Are You Wearing Out or Falling Apart?

O, Mr. Tentmaker
(Author unknown) 

It was nice living in this tent when it was strong and secure

        and the sun was shining and the air was warm.

But Mr. Tentmaker, it’s scary now.

You see, my tent is acting like it’s not going to hold together;

        the poles seem weak and they shift with the wind.

A couple of the stakes have wiggled loose from the sand;

        and worst of all, the canvas has a rip.

It no longer protects me from the beating rain or stinging fly.

It’s scary in here, Mr. Tentmaker.

Last week I went to the repair shop and some repairman

        tried to patch a rip in my canvas.

It didn’t help much though, because the patch pulled

        away from the edges and now the tear is worse.

What troubled me most, Mr. Tentmaker, is that

        the repairman didn’t even seem to notice that

        I was still in the tent;

        he just worked on the canvas while I shivered inside.

I cried out once, but no one heard me.

I guess my first real question is: Why did you give me such a flimsy tent?

I can see by looking around the campground that some

        of the tents are much stronger and more stable than mine.

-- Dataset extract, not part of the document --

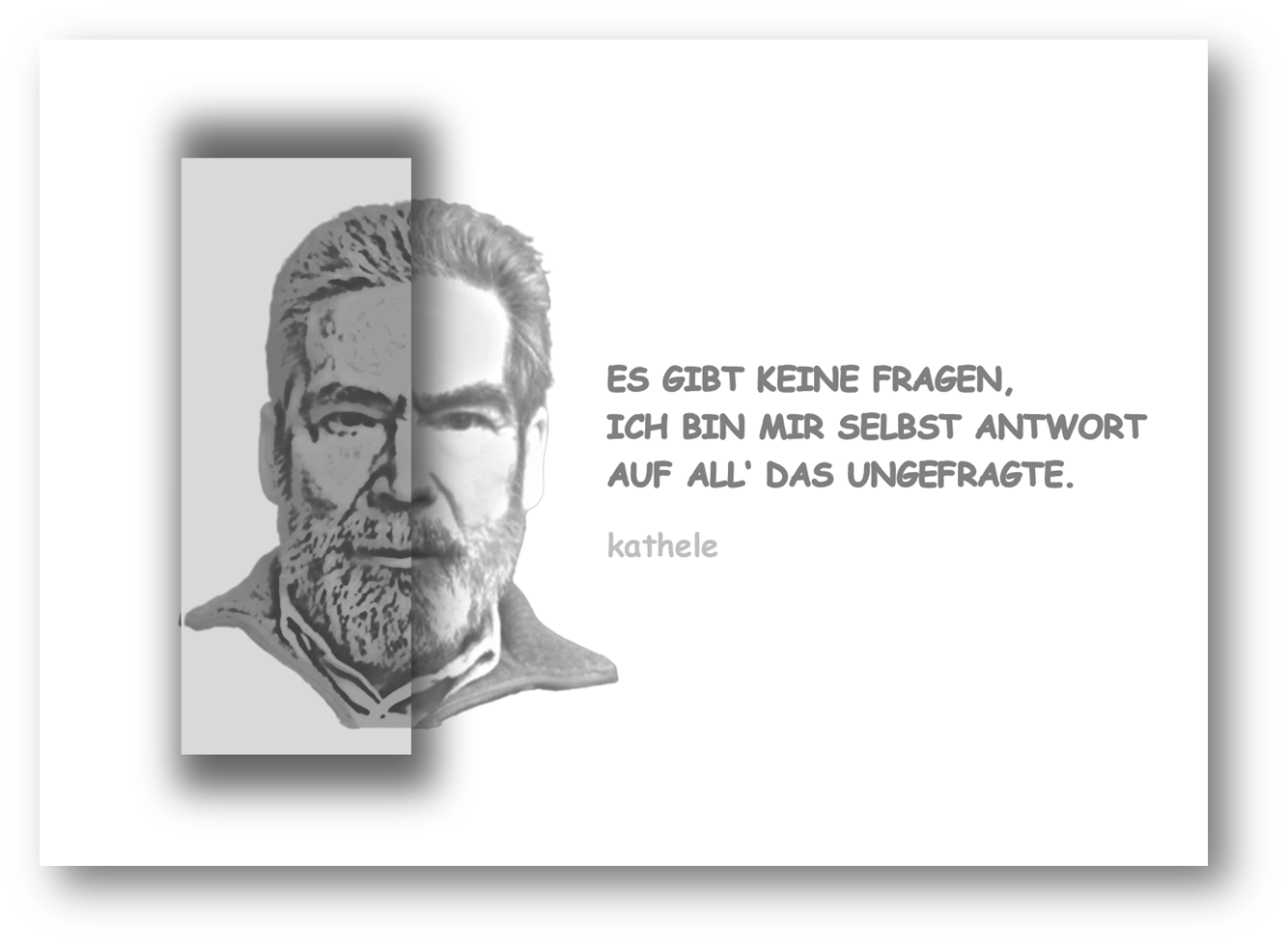 Beschreibung des Bildes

Why, Mr. Tentmaker, did you pick a tent of

        such poor quality for me?

And even more important, what do you intend to do about it?


O, little tent dweller, as the Creator and Provider of tents

        I know all about you and your tent, and I love you both.

I made a tent for Myself once and

        I lived in it on your campground.

My tent was vulnerable, too, and some vicious attackers

        ripped it to pieces while I was still in it.

It was a terrible experience, but you will be glad to know

        they couldn’t hurt Me;

        in fact, the whole occurrence was a tremendous advantage

        because it is this very victory over My enemy that

        frees me to be  a present help to you.


O, little tent dweller, I am now prepared to come and

        live in your tent with you

        if you’ll invite Me.

You’ll learn that as we dwell together that real security comes from

        My being in the tent with you.

        When the storms come, you can huddle in my arms

        and I’ll hold you.

When the canvas rips, we’ll go to the repair shop together.


Some day, little tent dweller, some day

        your tent is going to collapse;

        you see, I’ve designed it for temporary use.

But when it does, you and I are going to leave together.

        I promise not to leave before you do.

And then free of all that would hinder or restrict,

        we will move to our permanent home together, forever,

        we will rejoice and be glad.

Think about it…Jesus, the very Son of God, took on an earthly “tent” in order to identify with us who live in bodies which fall apart and wear out.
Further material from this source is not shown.